All that, however, is irrelevant. Because something miraculous occurred. So miraculous, in fact, that I'll allow Lucifer to type, if he promises not to spill sweet and sour maple syrup on my keyboard.

Michael, you’re my brother, and I love you to a degree almost pathological, but I’ve gotta be honest here. You have no freaking clue how to spin a believable yarn, y’know? I mean, for someone who I’m convinced absolutely MUST wax his eyebrows –because let’s face it; nobody’s facial hair is that goddamn tidy au natural –you’ve got one hell of a psychological beef about waxing lyrical. Sometimes a story needs more than just some sparse contextual framework and the obligatory snippet of snark or five - and this story in particular deserves so much more. This isn’t just inane dinner table smalltalk-in-the-making: this is COLOSSAL. It’s more than a stick to poke Raphael with in the future; it’s practically ALLEGORY. Proof positive that the human spirit (as represented by Anna) can throw a stone of unstoppable rhetoric at the vast, hulking Goliath of economic privilege (as represented by Sir Jerkface of Jerkchester on his mighty steed, Jerkington) and watch as the entire edifice of ignorance crumbles.
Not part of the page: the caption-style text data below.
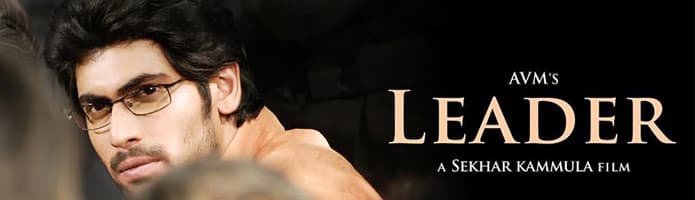 Leader Movie Review.(First on net)
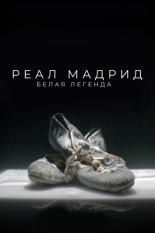 Реал Мадрид. Белая легенда (2022)
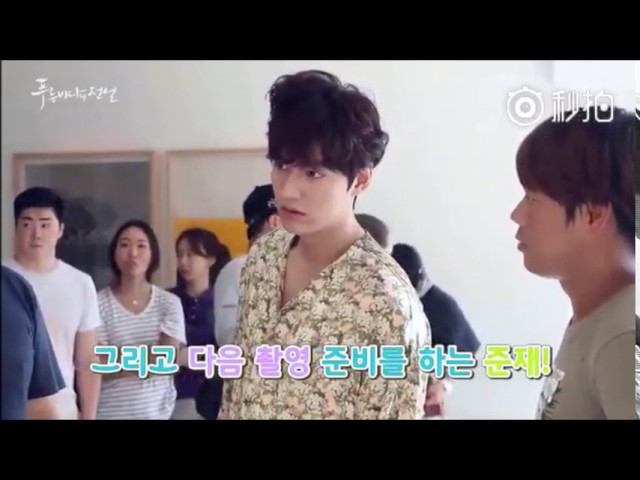 [Legend Of The Blue Sea] видео со съемок в Испании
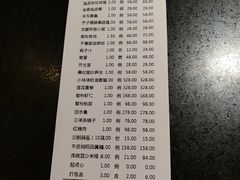 账单-蟹榭·本帮江浙菜·蟹宴(五角场合生汇商场店)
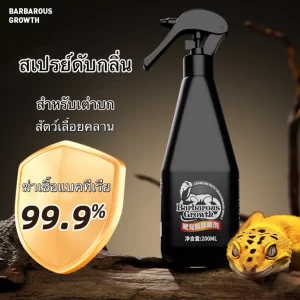 Barbarous Growth  Chai xịt khử mùi và kháng khuẩn chuyên dụng cho chuồng nuôi bò sát của thương hiệu (dung tích 200ml).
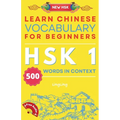 Learn Chinese Vocabulary for Beginners: New HSK Level 1 Chinese Vocabulary Book (Free Audio) - Master 500 Words in Context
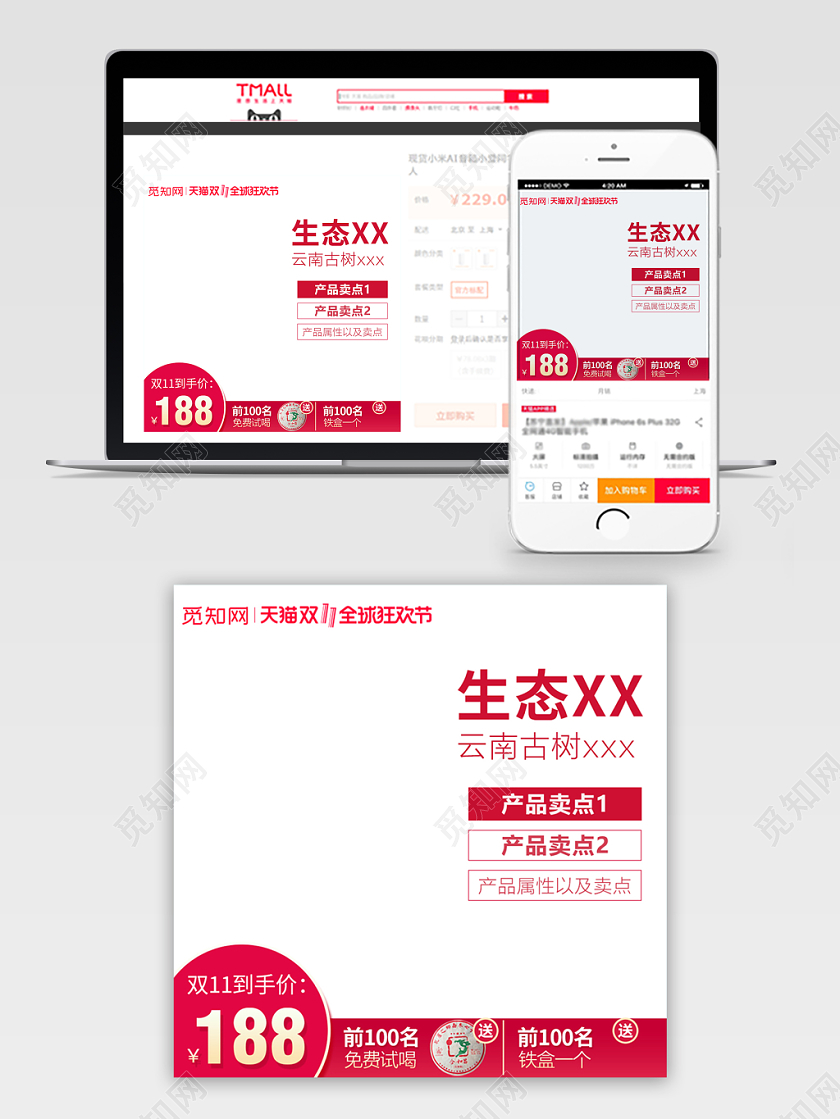 电商淘宝节日庆典全球狂欢节双十一双11茶叶类通用主图直通车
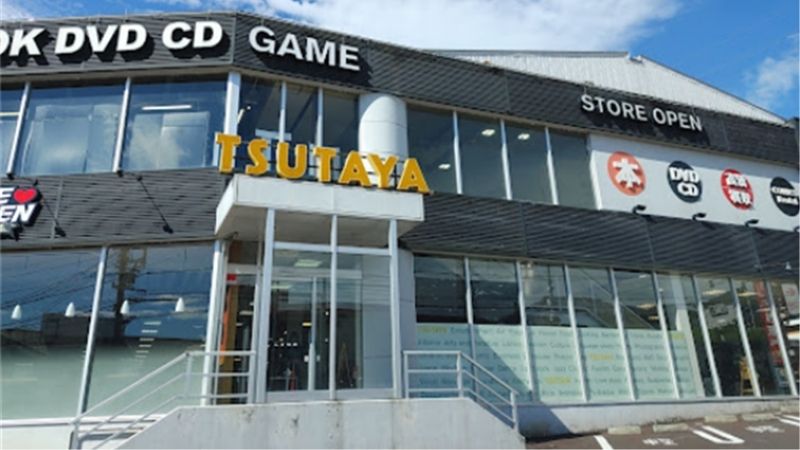 tsutaya avクラブ 宮崎大塚台店外観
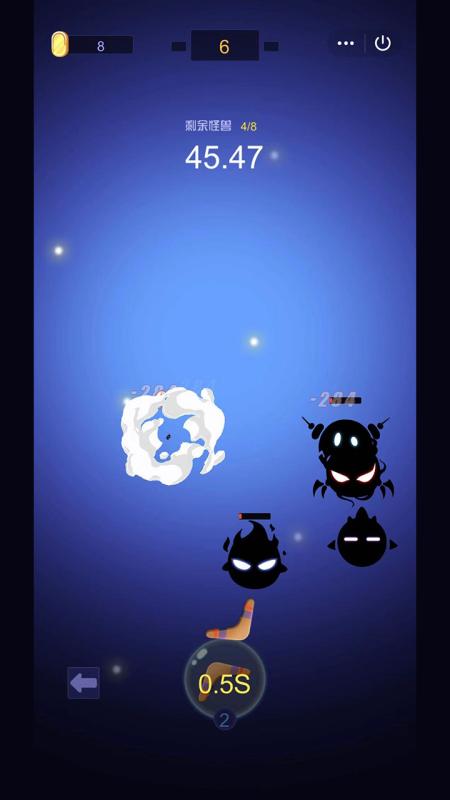 吃我一飞刀九游版游戏截图1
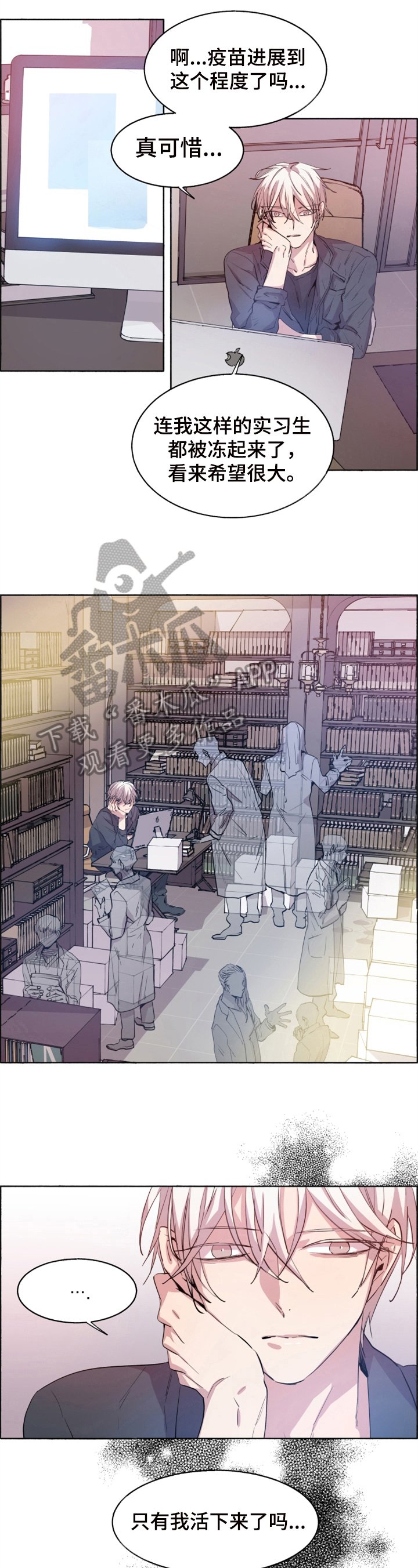 第27章：疫苗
Anna is no longer a person. She’s a living legend. She’s Joan of Arc, Helen of Troy, Jesus of Nazareth and Bruce Springsteen all rolled into one, diminutive red-haired package.
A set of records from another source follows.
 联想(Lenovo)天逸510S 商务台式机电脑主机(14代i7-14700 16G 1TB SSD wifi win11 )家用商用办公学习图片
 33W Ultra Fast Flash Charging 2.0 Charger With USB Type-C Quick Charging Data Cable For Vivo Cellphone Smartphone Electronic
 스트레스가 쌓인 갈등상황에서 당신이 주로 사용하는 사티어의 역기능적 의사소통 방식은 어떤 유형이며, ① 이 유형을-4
And because I know that otherwise these shitloads of symbolic nuance would fly straight over your head, I embellish. Friggin’ sue me.
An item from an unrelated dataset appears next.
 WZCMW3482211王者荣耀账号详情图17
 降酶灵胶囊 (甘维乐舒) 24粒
Anyway, so Anna proceeds to give Officer Pukebreath the 411 on why he’s the douchiest douchelard ever to douche – but like, I guess, calmly, in actuality? She puts an arm around tearstained-but-stylish-employee-with-the-taste-for-neon-Starbucks-monstrosities– who has the grace to give a grateful sniff - and explains exactly why it’s out of line to lecture someone on their fashion preferences until they burst out crying. And Michael and I can’t help but notice that people are, well, noticing. Like, all around, there’s total hush, as everyone in Gateway Thirty Six tunes in to the one-woman wonder making a stand against aesthetic injustice. And then SHE starts to notice that people are noticing, too.

So she climbs up onto the nearest chair, and starts to address them.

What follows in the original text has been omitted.